▶ [TASK ITEM]: Entries below include pictures. Output exactly the lines from the one with "des Étoiles zoom" down to the one with "Son und Salsa, sehnsuchtsvolle", both ends included, and leave the pictures out.

START MATERIAL FOR THIS EXERCISE

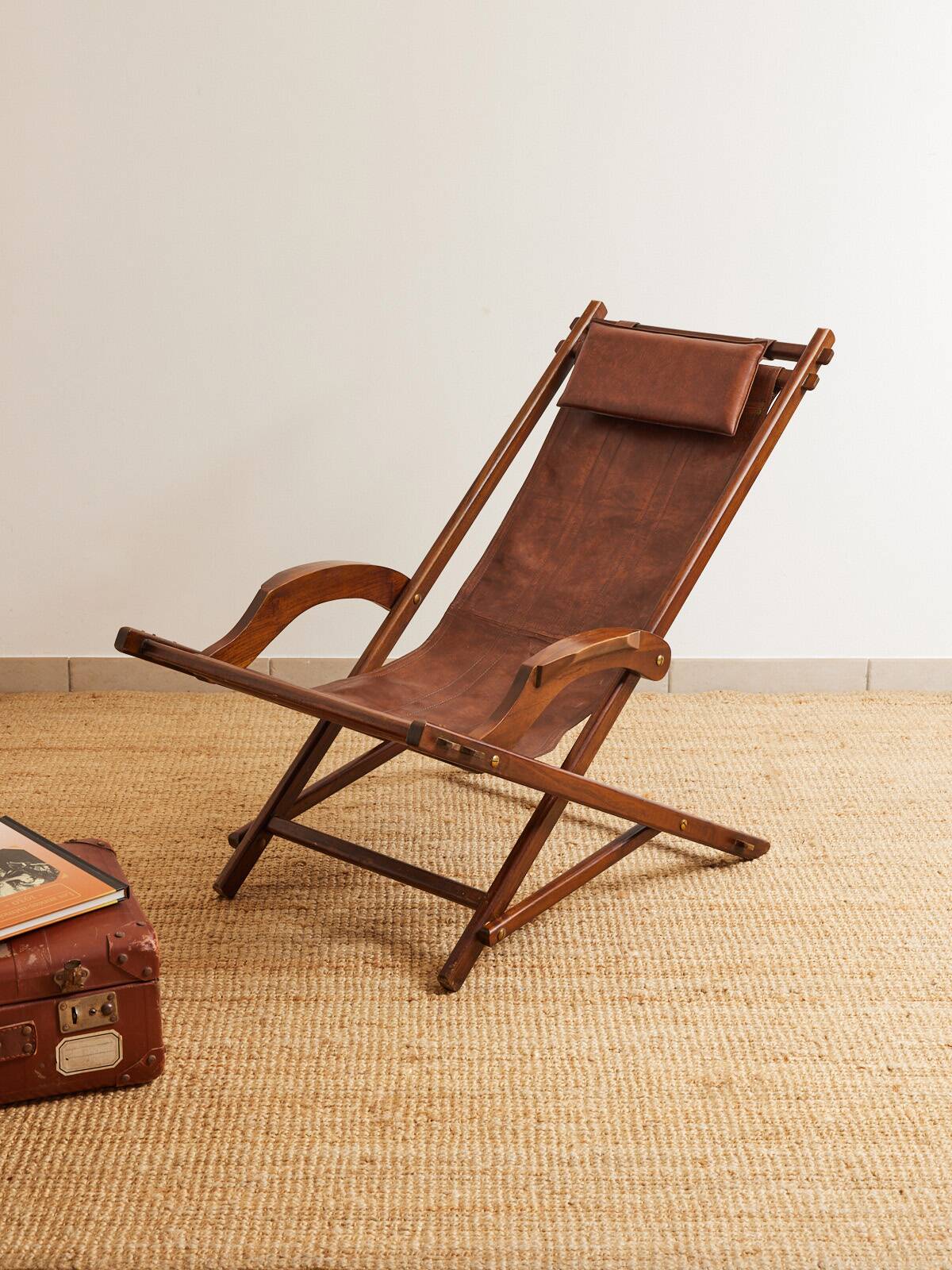 Vintage wooden deckchair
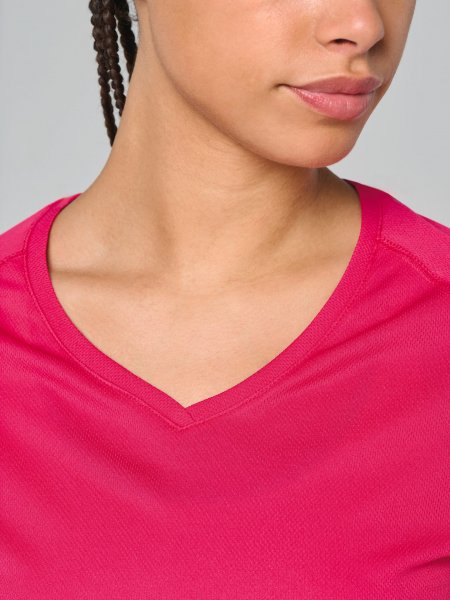 zoom sur le col du T-shirt Femme col V 10 km des Étoiles zoom sur le col du T-shirt Femme col V 10 km des Étoiles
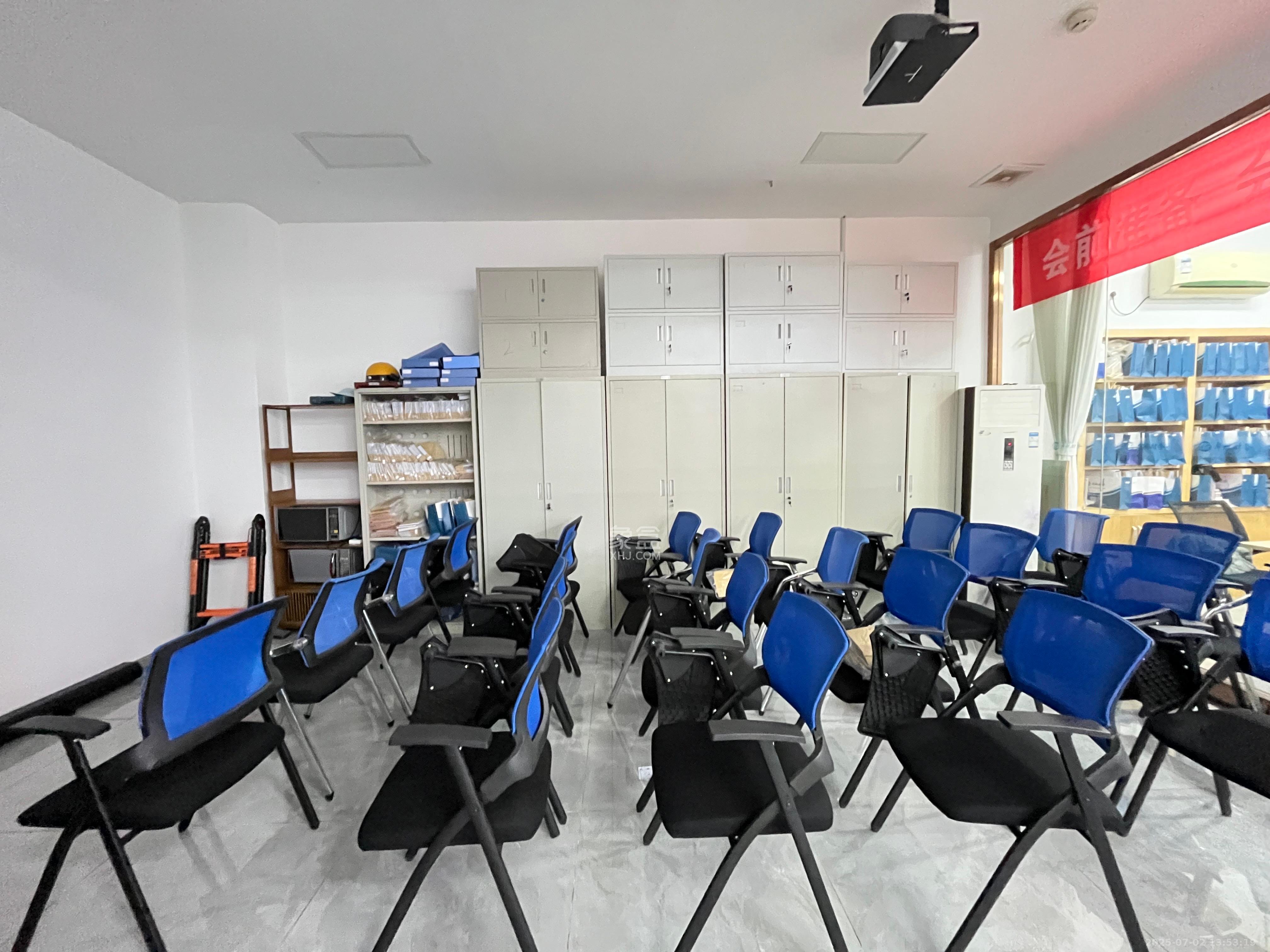 浏阳河畔家园  4室2厅2卫    6500.0元/月 浏阳河畔家园  4室2厅2卫    6500.0元/月室内图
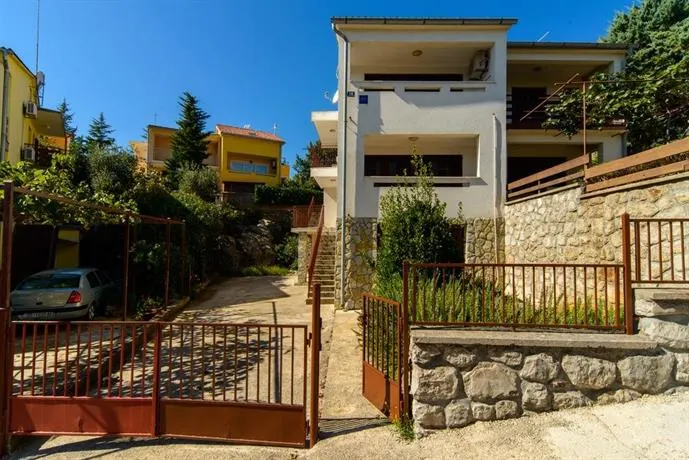 Studio Nikola - Image 1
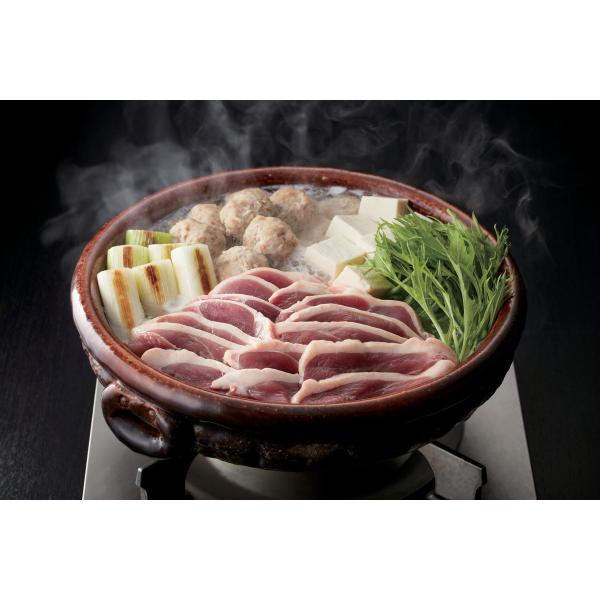 「京鴨鍋セット（２〜３人前）」　ほどよく歯ごたえのある鴨肉本来の旨みが楽しめます。　G0002_25_07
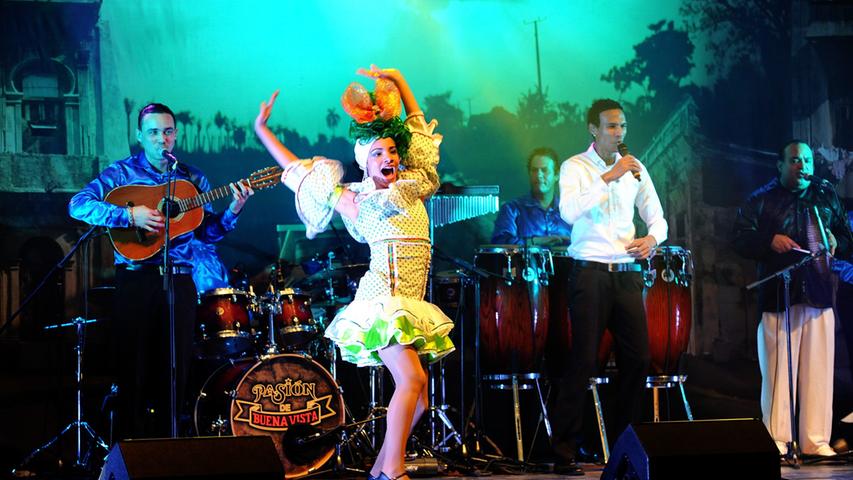 Son und Salsa, sehnsuchtsvolle Lieder und exotische Tänze: Ein paar Stunden lang verwandelte sich der Reitstadel am Samstag in das Herz Kubas.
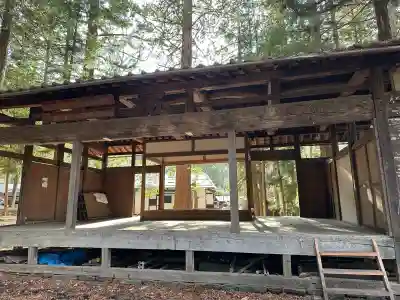 床尾神社の{uncategorized: "未分類", other: "その他", undefined: "問題あり", building: "その他建物", grave: "お墓", sacred_gate: "鳥居", guardian: "狛犬", statue: "像", buddha: "仏像", history: "歴史", nature: "自然", garden: "庭園", animal: "動物", pagoda: "塔", temizu: "手水舎", mountain_gate: "山門・神門", sanctuary: "本殿・本堂", subordinate: "末社・摂社", art: "芸術", scenery: "景色", jizo: "地蔵", ema: "絵馬", goshuin: "御朱印", omikuji: "おみくじ", items: "授与品その他", amulet: "お守り", goshuincho: "御朱印帳", eats: "食事", festival: "お祭り", votive_dance: "神楽", shichigosan: "七五三参", wedding: "結婚式", experience: "体験その他", initially: "初詣", around: "周辺", anti_infection: "感染症対策"}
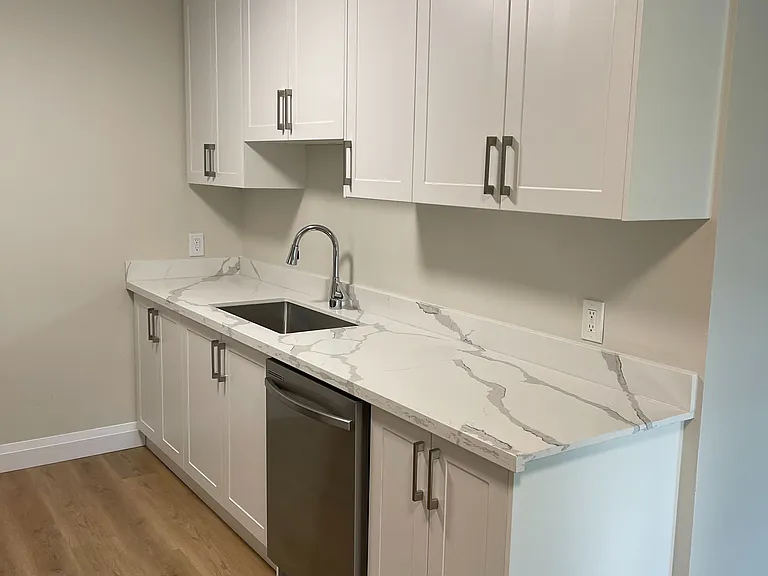 114 Bartlett St — Photo 5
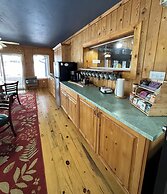 Mount Peale Country Inn and Cabins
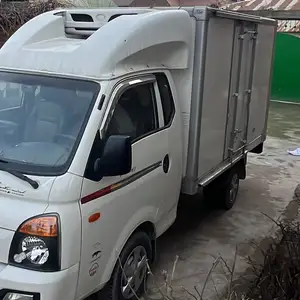 Бортовой грузовик Hyundai Porter, 2015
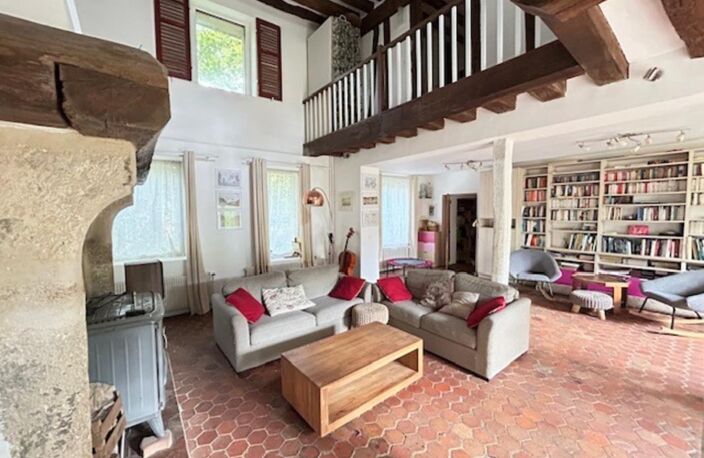 Maison à vendre 9 pièces Proche de LA FERTE SOUS JOUARRE (77) — photo 4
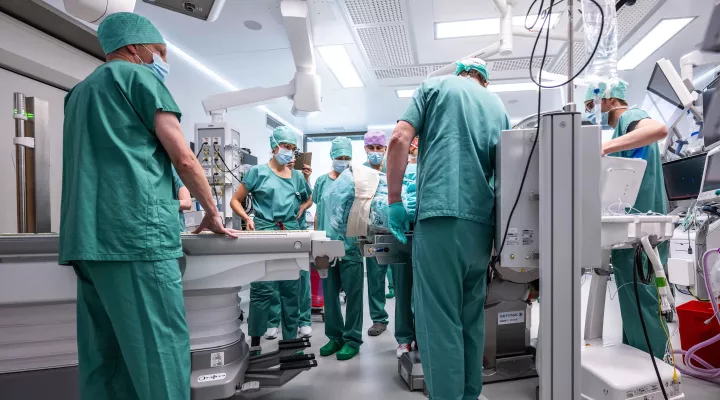 Medizinisches Personal transportiert einen Patienten vom OP zum MRI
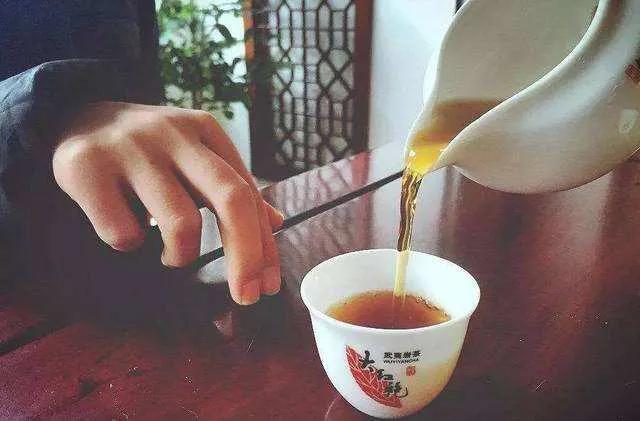 喝茶时要懂的规矩，学会这10个礼仪，不会被人笑话，赶紧学一下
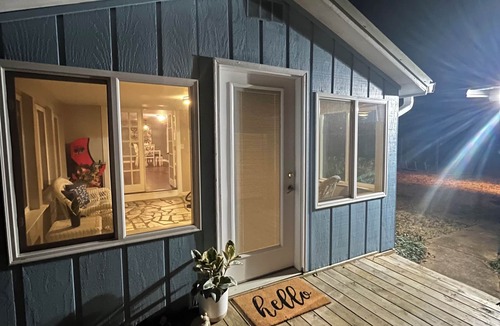 Jackson House | No wake zone, flat lot, dock, fire pit, 5 beds, sleeps up to 8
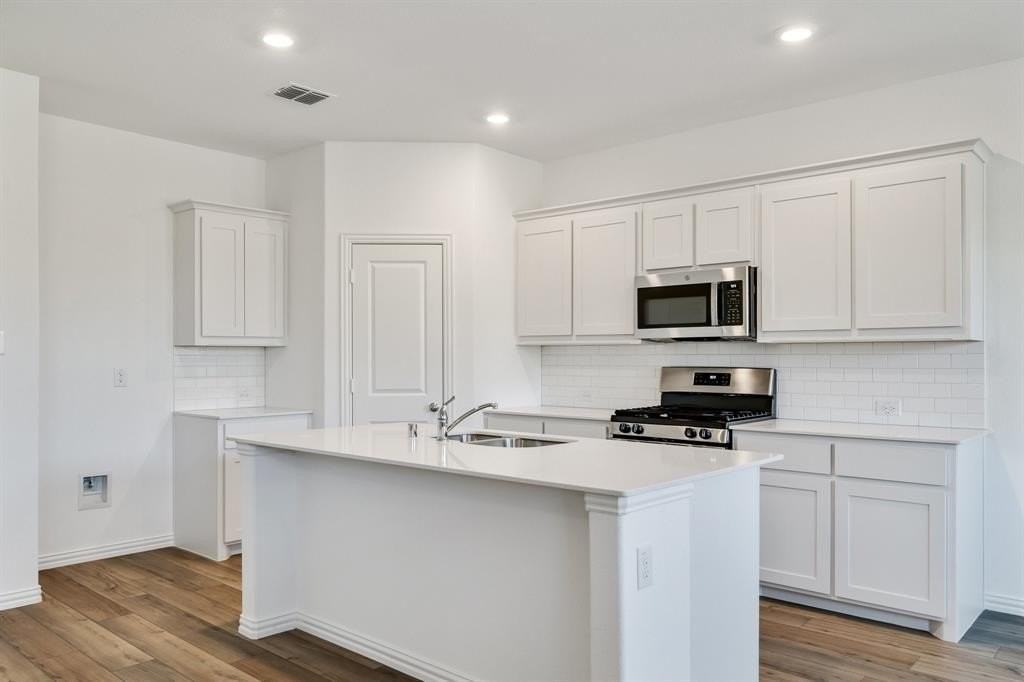 1500 Van Gogh Dr - Photo 6 of 29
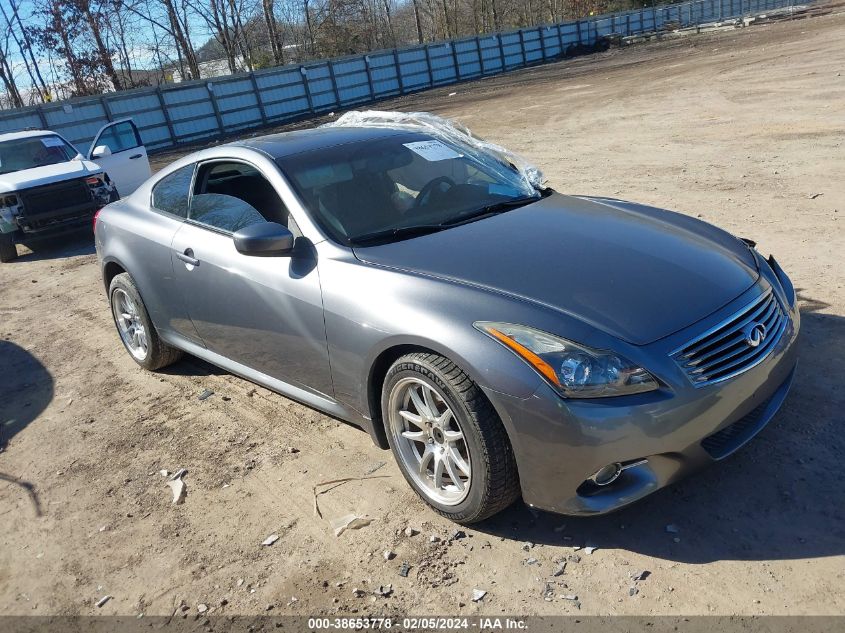 2013 INFINITI G37X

END MATERIAL FOR THIS EXERCISE

▶ [EXPECTED OUTPUT]:
 zoom sur le col du T-shirt Femme col V 10 km des Étoiles zoom sur le col du T-shirt Femme col V 10 km des Étoiles
 浏阳河畔家园  4室2厅2卫    6500.0元/月 浏阳河畔家园  4室2厅2卫    6500.0元/月室内图
 Studio Nikola - Image 1
 「京鴨鍋セット（２〜３人前）」　ほどよく歯ごたえのある鴨肉本来の旨みが楽しめます。　G0002_25_07
 Son und Salsa, sehnsuchtsvolle Lieder und exotische Tänze: Ein paar Stunden lang verwandelte sich der Reitstadel am Samstag in das Herz Kubas.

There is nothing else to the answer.